UNICEF Image: UNICEF image China Zhen Zhou playing football
© UNICEF China/2006/Li
Zhang Kai, 16, left his abusive household to wander the streets of Zheng Zhou.

For the 2006 FIFA World Cup, UNICEF and FIFA are campaigning to ensure a more peaceful world for children. This is a profile of one of Team UNICEF's star players.

By Kun Li

ZHENG ZHOU, China – Sixteen year-old Zhang Kai had many dreams, but after his parents divorced, he found himself alone and helpless in this city of 7 million people.

“I came to Zheng Zhou with my mom,” he says. “She treated me bad, so I left her and started wandering the streets.”

A major hub connecting all of China’s major railroads, Zheng Zhou is not only host to tens of thousands of travellers every day but also attracts scores of homeless children from all over China.

“Based on our research, most of the street children come from broken families,” explains Deputy Director Xie Xiaowei of the Zheng Zhou Street Children Protection Centre. “Also, many children from rural areas leave their villages behind, seeking work in urban cities. But because of their lack of education and skills, the children often find themselves wandering the streets instead of getting a job.”

UNICEF Image: UNICEF image China Zhen Zhou playing football
© UNICEF China/2006/Li
Kai says that football makes him stronger and enables him to meet friends.

A chance for a better future

Although Kai escaped his mother’s abuse, he had to find a way to support himself. “I found a job at a little restaurant,” he recalls. “They were nice to me – offered me food and a place to stay. I even got paid.”

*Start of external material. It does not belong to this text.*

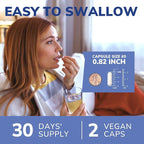 Vitalibre Probiotic for Women and Men, 50 Billion CFU, 25 Diverse Strains Plus Prebiotics, for Digestive Health & Immune Support, Delayed Release, No Refrigeration Needed, 60 Veggie Capsules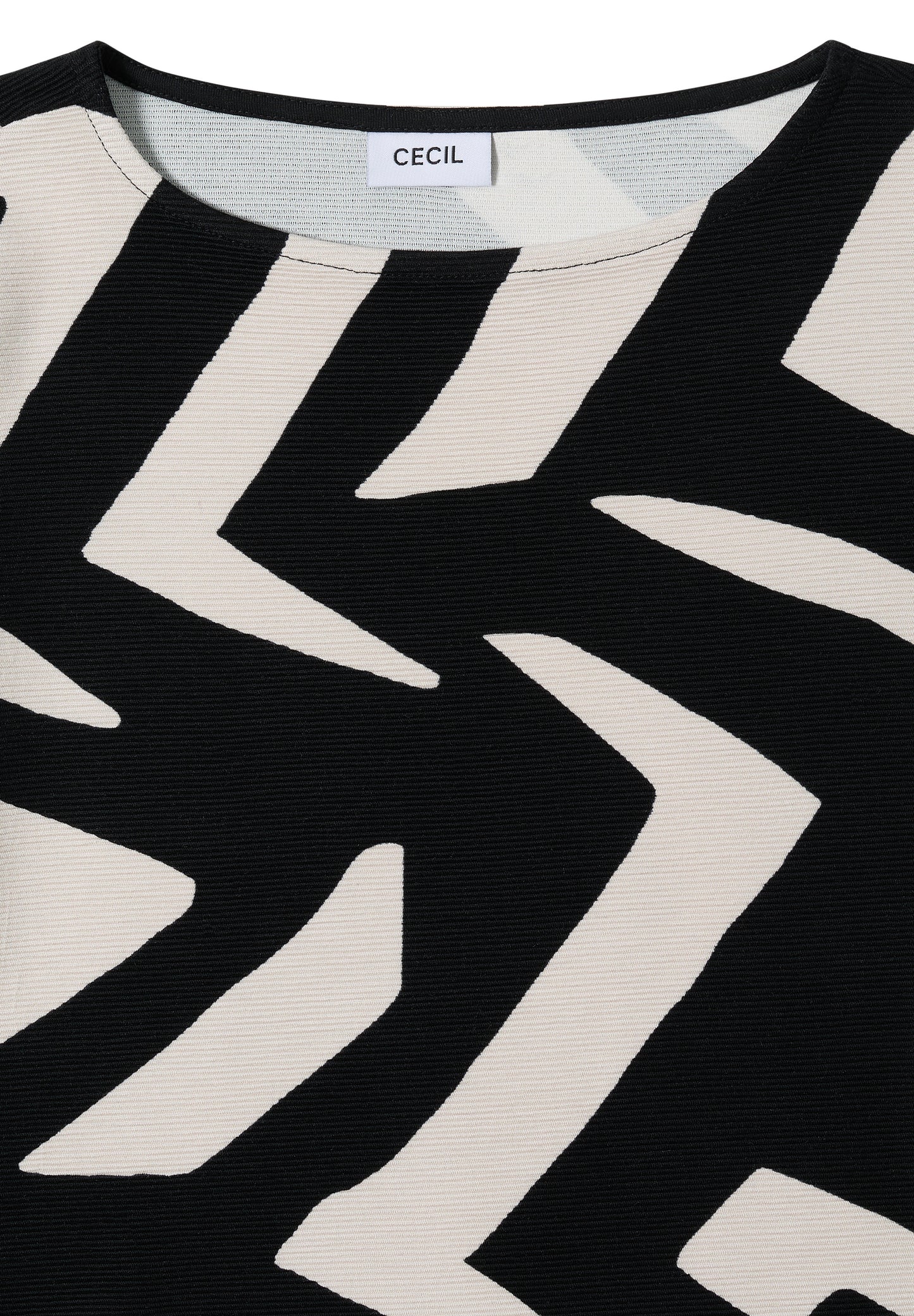 CECIL Ottoman Shirt mit Muster - Farbe: light greige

Life also took a turn for the better after Kai arrived at Zheng Zhou Street Children Protection Centre. Supported by UNICEF, the centre provides children with food, shelter and recreational activities. Staff members help locate relatives, while the children catch up on their literacy studies and learn vocational skills.

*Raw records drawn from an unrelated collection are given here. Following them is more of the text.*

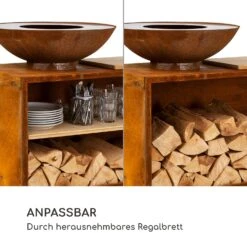 Savage 2.0 Wide Feuerschale Grill Bambus-Schneidebrett Wetterschutz -Gartenmöbel 10036089 de 0004 logo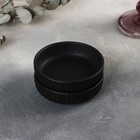 Соусники Magistro Line, 90 мл, фасовка 2 шт., керамика, чёрные - Фото 1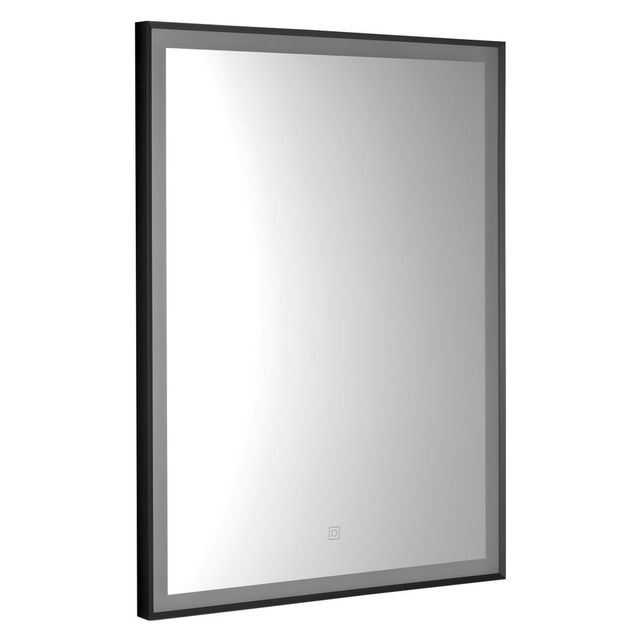 Valopeili Interia Corna 60x80 cm, hipaisukytkimellä, himmentimellä, musta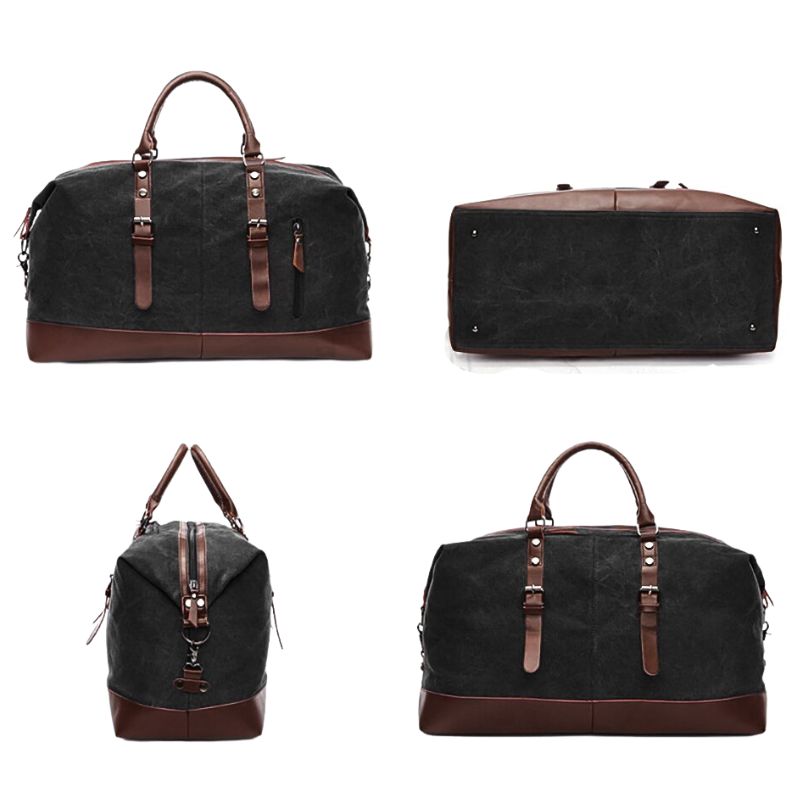 Water-Resistant Travel Duffel Bag with Adjustable Shoulder Strap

Over the past 10 years, the centre has supported more than 8,000 street children, helping them acquire useful skills while finding families for many younger ones.

“What we are trying to do is to help these children return to mainstream society one day. We wish for them to grow up healthy and become useful,” says Ms. Xie.

UNICEF Image: UNICEF image China Zhen Zhou playing football
© UNICEF China/2006/Li
Zhang Kai, 16, is studying to become a computer operator.

Football facilitates friendship

Studying to become a computer operator, Kai has also discovered the power of football. During breaks, he is often found playing with friends next to the centre’s garden. Although a proper field has yet to be built – and none of the boys is dressed to play the sport – the children are quite happy to be out there.

“I love football,” says a winded Kai following a Sunday afternoon game. “First, it can make me stronger. Second, it helps me make many friends.”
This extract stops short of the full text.